In everyday human perception, the face and its expressions serve as the primary shorthand for judgment. When this critical information is absent, the rhythm of viewing shifts—attention is prolonged, and the emergence of emotion becomes less immediate. The distance, posture, and arrangement of figures suggest a relationship, yet lack explicit interactive cues, leaving the connection unexplained. This strategy of open-ended composition intentionally dismantles the social categorizations that viewers habitually rely upon. When the face is no longer the epicenter of judgment, the viewer must navigate through layers of color, the emergence of brushwork, and the shifting of contours. Consequently, the act of looking evolves from identifying identity to sensing the generation of relations. The figures are not presented as complete entities; they exist in a state of continuous formation—beings that wait to be seen, and wait to be understood.

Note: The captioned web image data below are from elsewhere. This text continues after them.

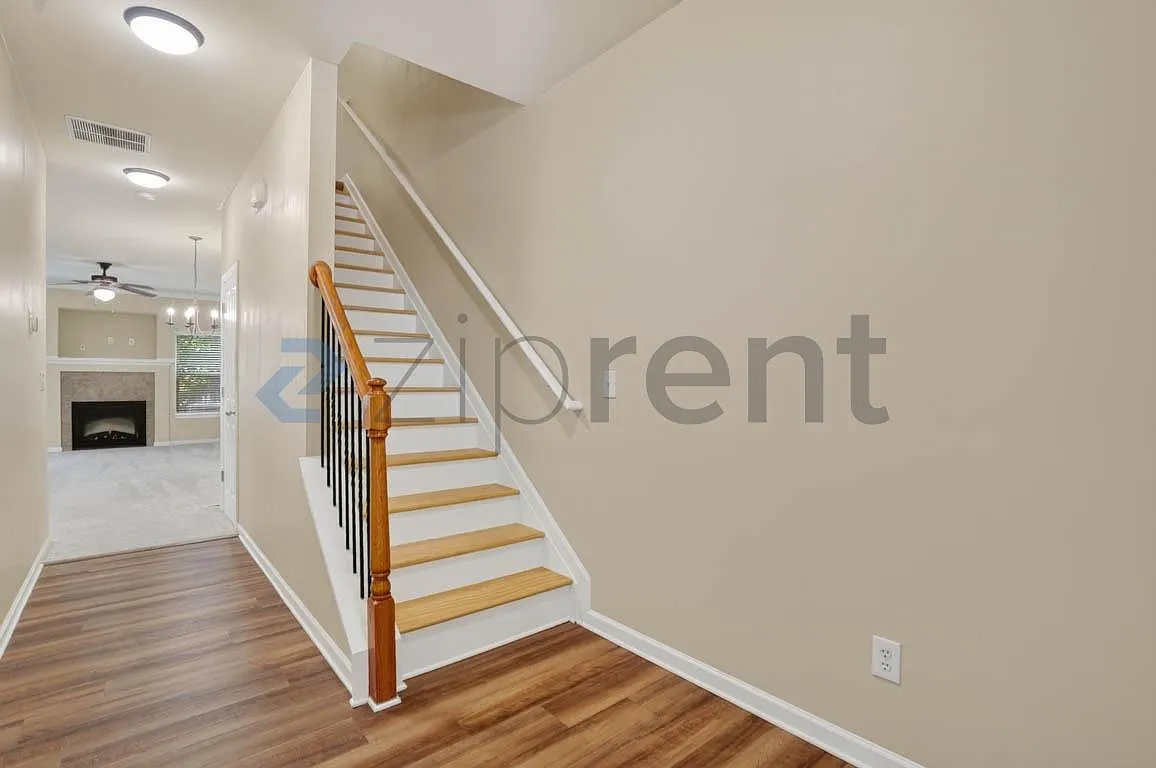 2 bed, 2.5 bath, 1472 sqft, $1,995 — Photo 3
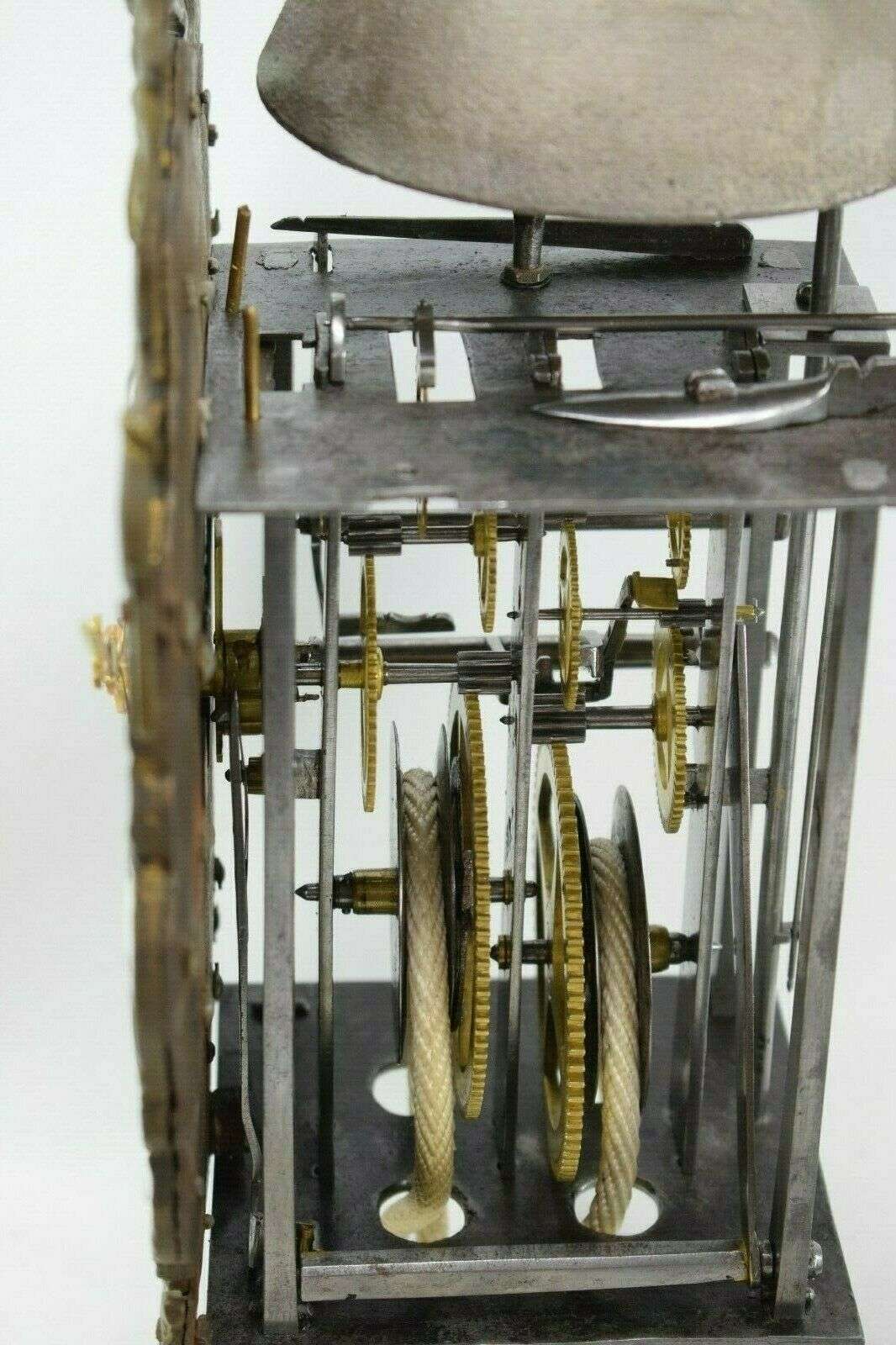 Französische Laternenuhr Wanduhr Kartuschenzifferblatt um 1780, überholt – Detail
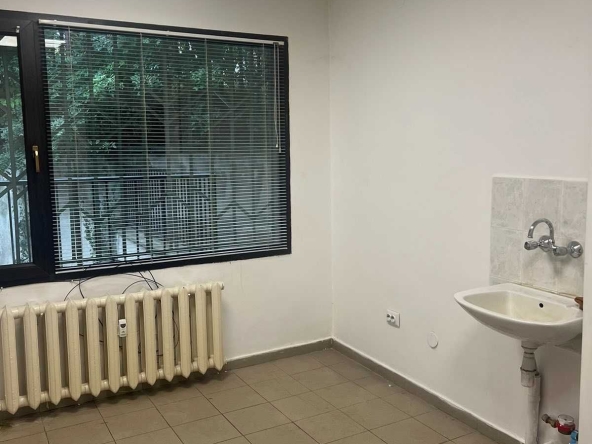 Дава се под наем Офис в Перник, Център - 16 кв.м за 127.5 € - Снимка #1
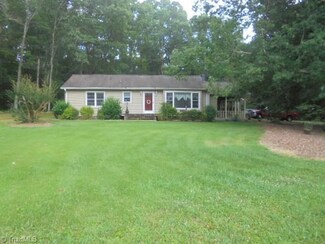2524 Willard Rd, High Point, NC 27265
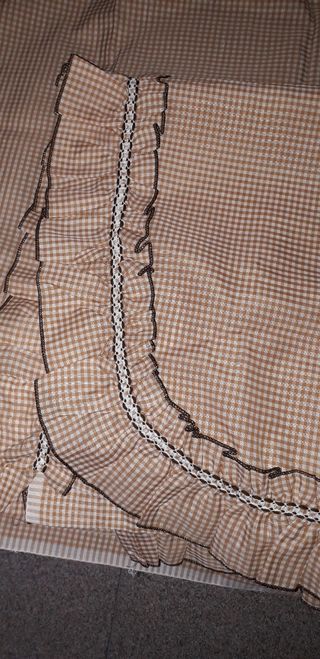 Coppia tende a quadretti per finestra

Tony WONG employs the line as the foundational point of departure for perceiving the world, using it to weave together the core inquiries of this exhibition, Tony WONG 1970–1980. The gallery space begins with imagery from the artist’s sketchbooks—the genesis of both vision and thought—pointing toward a creative site that remains un-fixed and inviting the viewer into this temporal state of "becoming." Looking back at his trajectory from the 1970s through the 1980s, one observes how WONG meticulously constructed a mode of relating to the world through a synthesis of daily observation, formal experimentation, and material exploration.
Consequently, the subtitle "An America Not Yet Arrived" does not merely denote geographic migration or the shift of cultural identity; rather, it describes a state of creation and cognition. In this context, "America" is simultaneously a physical reality and a field that is perpetually observed, interpreted, and reconstructed. WONG’s practice unfolds within this unfinished dialectic, utilizing the mechanics of line, color, and composition to carve out a creative position situated between the internal and the external. In this phase of his work, "not arriving" is not synonymous with absence or deficiency; it is a state of continuous operation. The works are deeply rooted in specific historical and social realities, yet they maintain a perceptual and formal openness that keeps the act of viewing in a state of productive deferral.
This text does not seek to provide a definitive conclusion to this period of the artist's career, but rather to present it in its nascent state. What these works open up is not only the artist’s own mode of seeing but an invitation to the viewer to reconsider how the subject, the relationship, and the perception continue to take shape within the "not yet arrived."